Share your dilemmas and get honest opinions from other Mumsnetters.

Feeling left out. Alien at the school gates.

109 replies

Cherrycolaxx · 22/07/2020 07:24

My best friend always got abit anxious/paranoid on the school run. There were 2-3 mums she would say to me thought they were better than us/ignored us. I didnt see an issue and used to say not to worry and just chat to people who are nice to you. We were just dropping off and picking up the kids from school. It was an issue my friend had because the women was pretty and always dresses for the gym. I think she felt insecure. Even though she also does the gym.

She still had a few mums on her Facebook from the playground. So she had obviously swapped names. Id added a couple that I'd got to know too. But she remained anxious about certain mums.

In lockdown she chose to send her child. I kept mine off. She said to me on the phone the other day the blonde mum she always called a rude bitch to me etc was actually nice. I then noticed she's added her on Facebook. She's walked to school one morning with another one that approached her at the gates. She also didn't like this women at all and said she was rude..... Which she was one day after school when my child fell over on the path. She glared at us as I was helping my daughter up and pushed past. She did do it in an abrupt way. But I didn't particularly care. She's also added her onto Facebook. She's also added the best friend of the first lady she didn't like too.

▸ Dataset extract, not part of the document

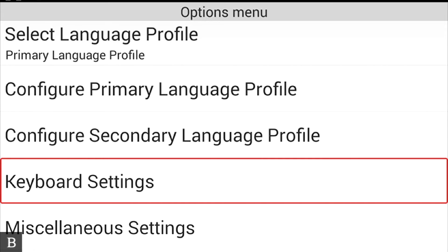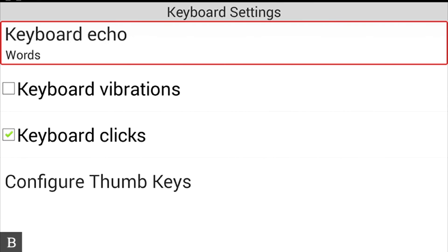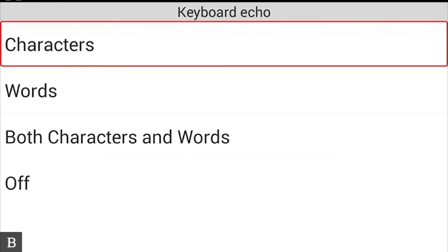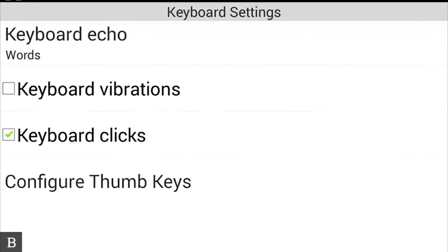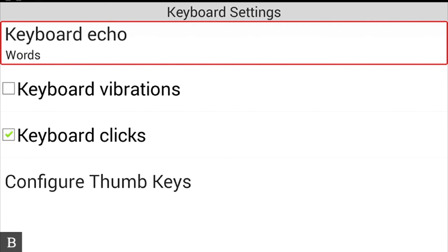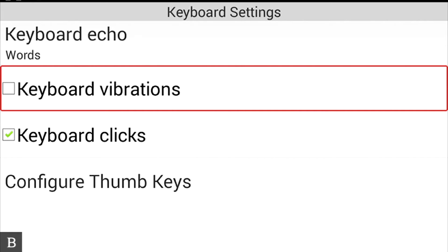Next is Keyboard Settings. The first option is Keyboard Echo, currently set to Words — meaning it speaks each word as you type. You can change it to characters, both characters and words, or nothing. I prefer just speaking words since I'm a fast typist on the glass. You can also enable Keyboard Vibrations, which vibrates every time you type a character — useful when first starting with touch Braille — though I prefer not to have that on.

My friends nice in every other way. I'm just feeling abit unconfident about September and now she's made friends with many of the mums our kids are in class with, having spent half the year slating them. I don't feel jelous about it. But it's made me see my friend differently. I normally feel very protective of her. But she's been swapping full names and getting to know them and I suppose I feel left behind now. I've always smiled and said hello but I never pushed further with conversation to support my friend who was worried to go to the gates some days. She felt judged and uncomfortable.

I took my child into school for a session yesterday too. The mums I used to speak to all were friendly. But their kids all have started doing dancing together. They were arranging uniform and I felt abit alone even though there was no nastiness. It was like they all were close. Their kids seem very close too. My daughter is close to my friends son but is yet to be close to any girls. She seemed to mix a little with some girls but she never seemed to have the bestie that the others all made. I just hope she will find some friends in September as it feels like everyone else's children have got strong friendships already. Some of the girls were waiting to see a particular friend and it felt my daughter didn't have that.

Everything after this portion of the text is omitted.